**About this exercise:**
The line containing "Фотография № 193370" marks the end: extract everything from the first line of the data through that line, exactly, with no pictures.

---

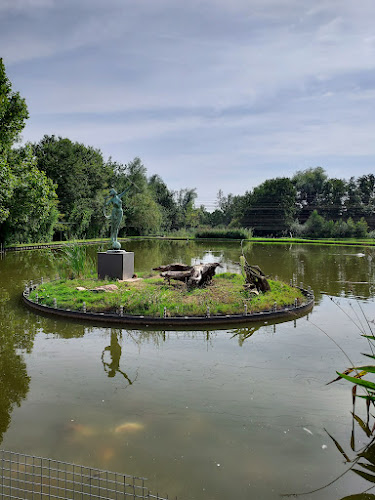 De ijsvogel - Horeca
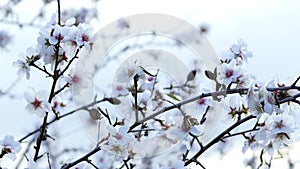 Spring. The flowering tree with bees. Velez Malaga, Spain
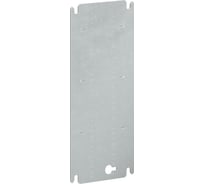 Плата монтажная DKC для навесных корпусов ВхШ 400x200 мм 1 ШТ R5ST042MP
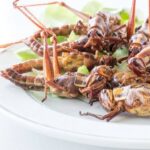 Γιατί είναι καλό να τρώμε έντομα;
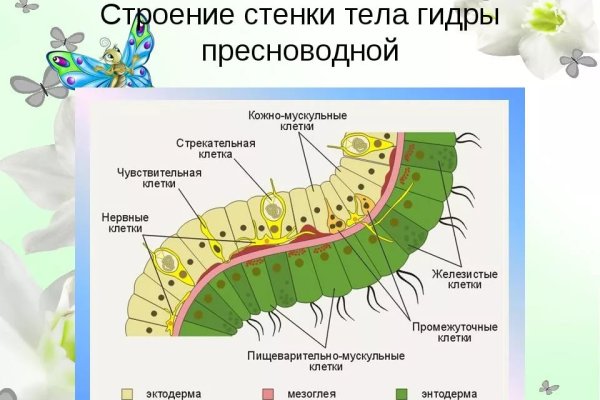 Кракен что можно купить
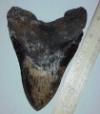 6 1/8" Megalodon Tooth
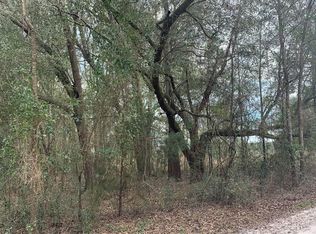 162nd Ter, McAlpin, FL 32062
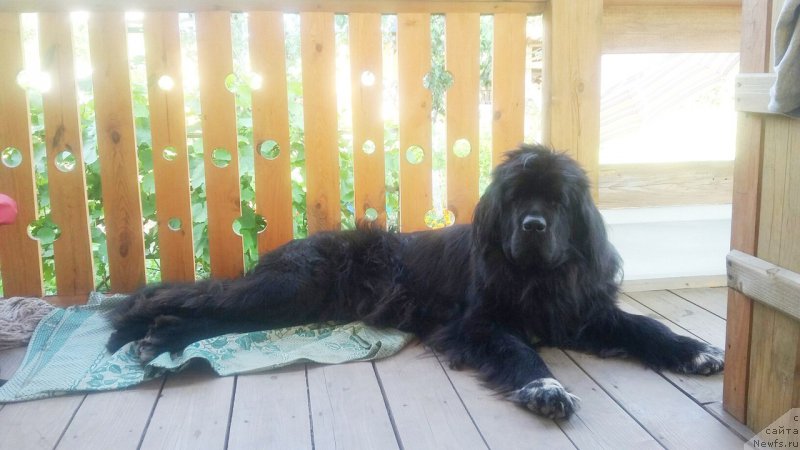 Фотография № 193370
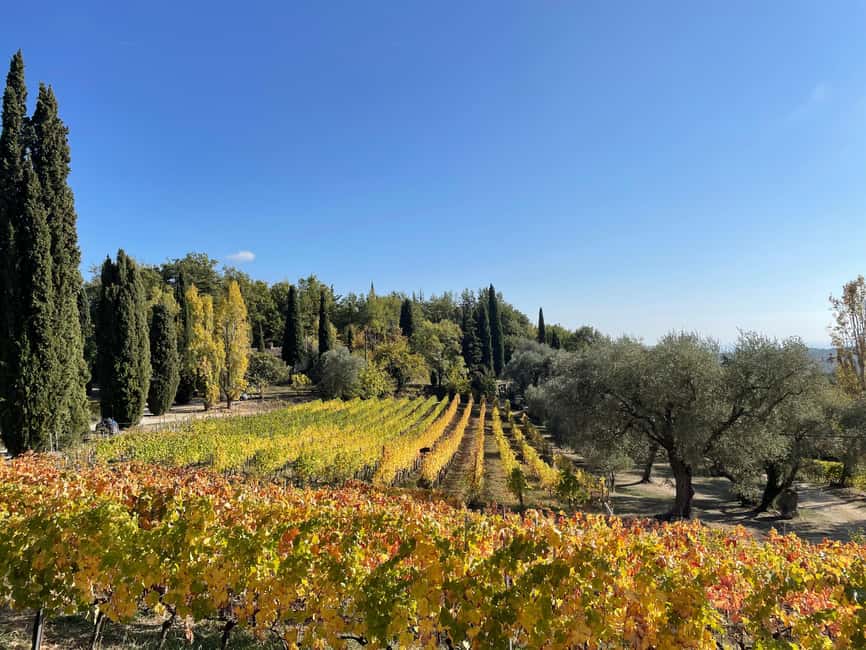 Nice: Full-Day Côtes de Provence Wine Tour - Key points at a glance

---

**Completed task:**
 De ijsvogel - Horeca
 Spring. The flowering tree with bees. Velez Malaga, Spain
 Плата монтажная DKC для навесных корпусов ВхШ 400x200 мм 1 ШТ R5ST042MP
 Γιατί είναι καλό να τρώμε έντομα;
 Кракен что можно купить
 6 1/8" Megalodon Tooth
 162nd Ter, McAlpin, FL 32062
 Фотография № 193370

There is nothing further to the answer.